L’administration néo-travailliste, tout commes ses prédécesseurs, se dit influencée par le bon sens. Cependant, on vient de voir que ce bon sens ne correspond pas forcément à celui du peuple. Certes, comme l’affirme Serge Halimi, un langage anti-intellectuel dans le domaine de la loi et de l’ordre facilite l’indentification du gouvernement aux valeurs populaires342. Mais ceci est une stratégie à court terme, destinée à l’échec une fois que le peuple se rend compte que les politiques dites populaires ne répondent pas toujours à ses attentes. On verra que la plupart des politiques adoptées par l’administration néo-travailliste dans le domaine pénal ont été inspirées non pas directement par le peuple mais par une nouvelle élite intellectuelle, dont les idées ont été propagées avec beaucoup de succès par les médias et les acteurs du système pénal. Un des buts du quatrième chapitre sera de démontrer comment les politiques pénales punitives servent les intérêts des élites, mais pour le moment nous nous contenterons d’étudier les sources d’inspiration des politiques « populistes » du New Labour. Force est de constater qu’elles trouvent leur origine dans le bon sens des élites plutôt que dans celui du « peuple » qui se révèle souvent moins punitif que le gouvernement actuel ne le prétend.
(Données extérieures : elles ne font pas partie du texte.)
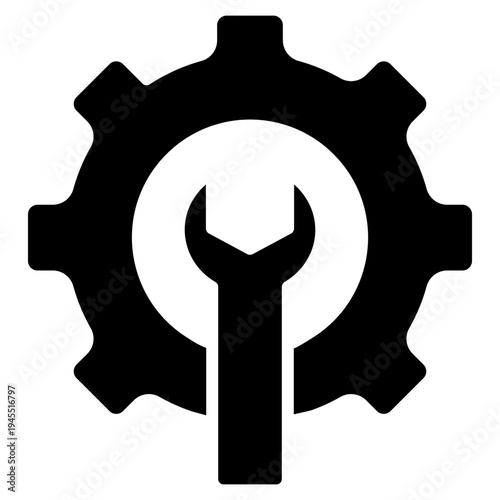 System Maintenance Icon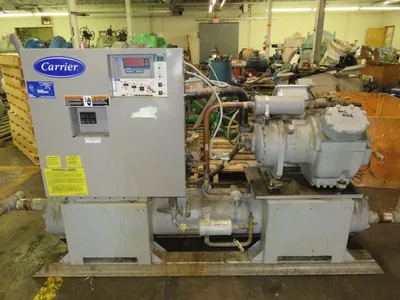 USED Carrier 30HWC025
En effet, en dépit de l’existence des focus group s et de la mise à disposition du public d’informations supplémentaires sur le système pénal, le New Labour est généralement peu enthousiaste à l’idée d’entamer un véritable échange citoyen sur la question. Jusqu’à présent, le grand public n’a été impliqué dans le système pénal que pour participer à la lutte contre la criminalité en devenant, par exemple, des community support officers ou en signalant des problèmes de comportements antisociaux et de criminalité à la police. Il ne joue toutefois pas un rôle significatif dans le processus décisionnel. Nick Cohen, journaliste très critique envers le gouvernement Blair, conclut ainsi que « the populist élite despised the People »343. Cette affirmation est peut-être exagérée mais il serait néanmoins difficile de dire que cette nouvelle élite travaille dans les meilleurs intérêts du peuple : comme le note Rob Allen, il faut se méfier de la « tyrannie de la simplicité » – c’est en présentant les problèmes de manière simpliste que l’on masque leur complexité et que l’on exclut le peuple d’un véritable dialogue sur ces questions344. Nous étudierons dans un premier temps l’influence de la criminologie conservatrice sur la construction d’un nouveau bon sens pénal simpliste. Deuxièmement, nous verrons comment ce bon sens a été développé et répandu par des think tanks et ensuite mis en place par les élites traditionnelles travaillant pour la presse et la magistrature.
Serge Halimi, Le grand bond en arrière : Comment l’ordre libéral s’est imposé au monde, Paris, Fayard, 2004, p. 131.
« […] l’élite populiste méprisait le peuple », in Nick Cohen, Pretty Straight Guys, Londres, Faber et Faber, 2003, p. 37.
Rob Allen, « Rethinking Crime and Punishment », dans Charles Murray, Simple Justice, Londres, CIVITAS, 2005, p. 86.